▸ INFORMATION GIVEN:
==*==

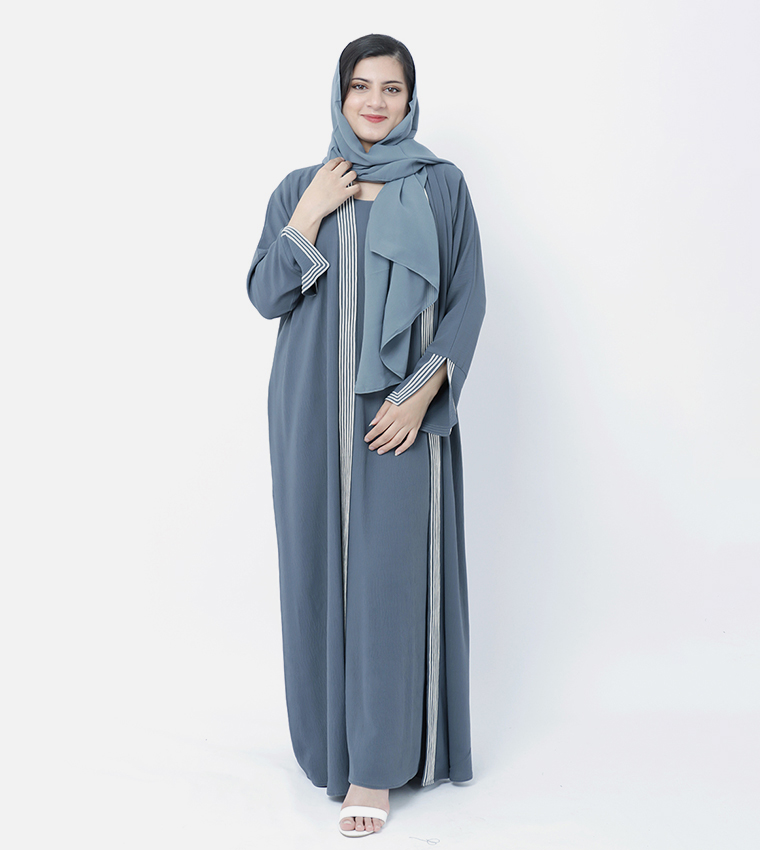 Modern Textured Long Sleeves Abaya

==*==

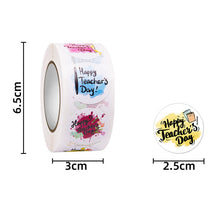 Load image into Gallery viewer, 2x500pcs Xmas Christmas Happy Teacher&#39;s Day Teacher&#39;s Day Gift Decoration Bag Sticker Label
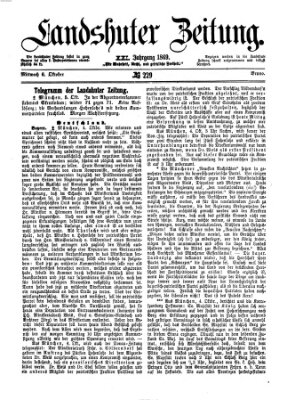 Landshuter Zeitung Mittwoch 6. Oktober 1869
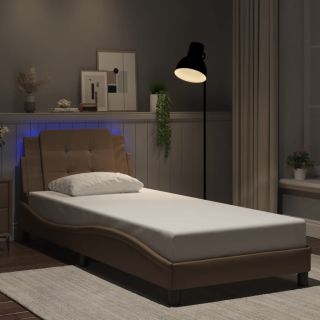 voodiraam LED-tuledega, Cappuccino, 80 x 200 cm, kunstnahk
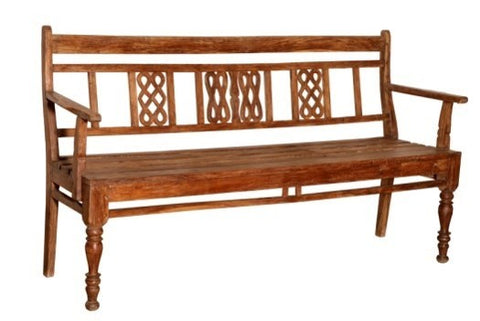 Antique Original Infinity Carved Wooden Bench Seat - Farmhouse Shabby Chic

==*==

▸ TASK BRIEF: From the material above, give again exactly the lines from the one that contains "Landshuter Zeitung Mittwoch 6. Oktober 1869" through the one that contains "Antique Original Infinity", and leave out the pictures.

▸ FINISHED EXERCISE:
 Landshuter Zeitung Mittwoch 6. Oktober 1869
 voodiraam LED-tuledega, Cappuccino, 80 x 200 cm, kunstnahk
 Antique Original Infinity Carved Wooden Bench Seat - Farmhouse Shabby Chic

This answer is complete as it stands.